I am trying to simultaneously solve a system of equations. The equations themselves are found by calculating the gradient of a function with some variables. I am using sympy and here is the code:
from sympy import *
m = Matrix(symbols('a b c', positive = True))
y = 4*log(m[0]) + 4*log(m[1]) + 4*log(m[2]) - 2*log(m[1] + m[2]) \
- 2*log(m[0] + m[2]) - 2*log(m[0] + m[1]) - 6*log(m[0] + m[1] + m[2])
s = [diff(y, i) for i in m]
solve(s,m)
However I am getting the following error: "raise NotImplementedError('could not solve %s' % eq2)"
Can somebody please help me in solving this. Or there some other way in which I can calculate a bunch of gradients and then solve the system of equations obtained? I am fine with getting a numerical approximation and if multiple solutions are present, even one solution will be sufficient.

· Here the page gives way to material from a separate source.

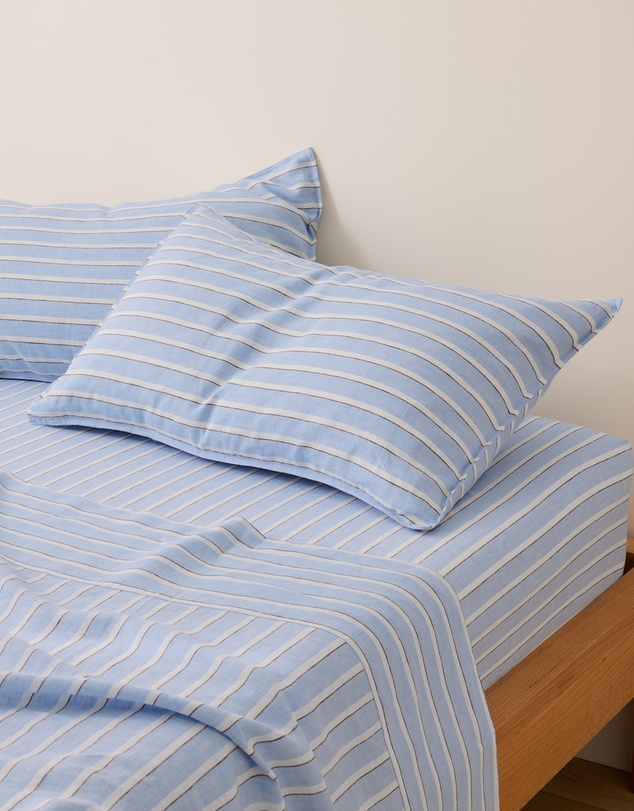 Sheet Society - Eve Linen Quilt Cover Set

EDIT I understand that he objective that I have in the code shown above will have symmetric gradients. So here I am looking for a solution like (1,1,1) or (2,2,2). But in actual implementation, my objective function will have gradients that are not symmetric. So in a way I need to know the ratio between them.
import sympy as sp
# define a vector of variables
vm = sp.var('m0:3', real = True)
y = 4*sp.log(vm[0]) + 4*sp.log(vm[1]) + 4*sp.log(vm[2]) - 2*sp.log(vm[1] + vm[2]) \
- 2*sp.log(vm[0] + vm[2]) - 2*sp.log(vm[0] + vm[1]) - 6*sp.log(vm[0] + vm[1] + vm[2])
The gradient w.r.t. to vm
can be obtained as
grad = [sp.diff(y, i) for i in vm]
However, the result is a set of complicated rational polynomials which cannot be handled by sp.solve(grad, vm)
. We can help solve
by performing some preprocessing on the equations, namely, factorizing and considering only the numerator:
grad_numerators = [sp.numer(sp.diff(y, i).together()).factor() for i in vm]
Now a call to
sp.solve(grad_numerators,vm)
gives a set of possible solutions.
[{m1: -m2, m0: 0}, {m0: -m1, m2: 0}, {m1: m2, m0: -4*m2/3}, {m1: 0, m0: -m2}, {m1: -3*m2/4, m0: -3*m2/4}, {m1: -4*m2/3, m0: m2}]
Note that some of them may be invalid in the sense that they may correspond to a zero denominator for (some of) the grad
elements, which were ignored in this derivation.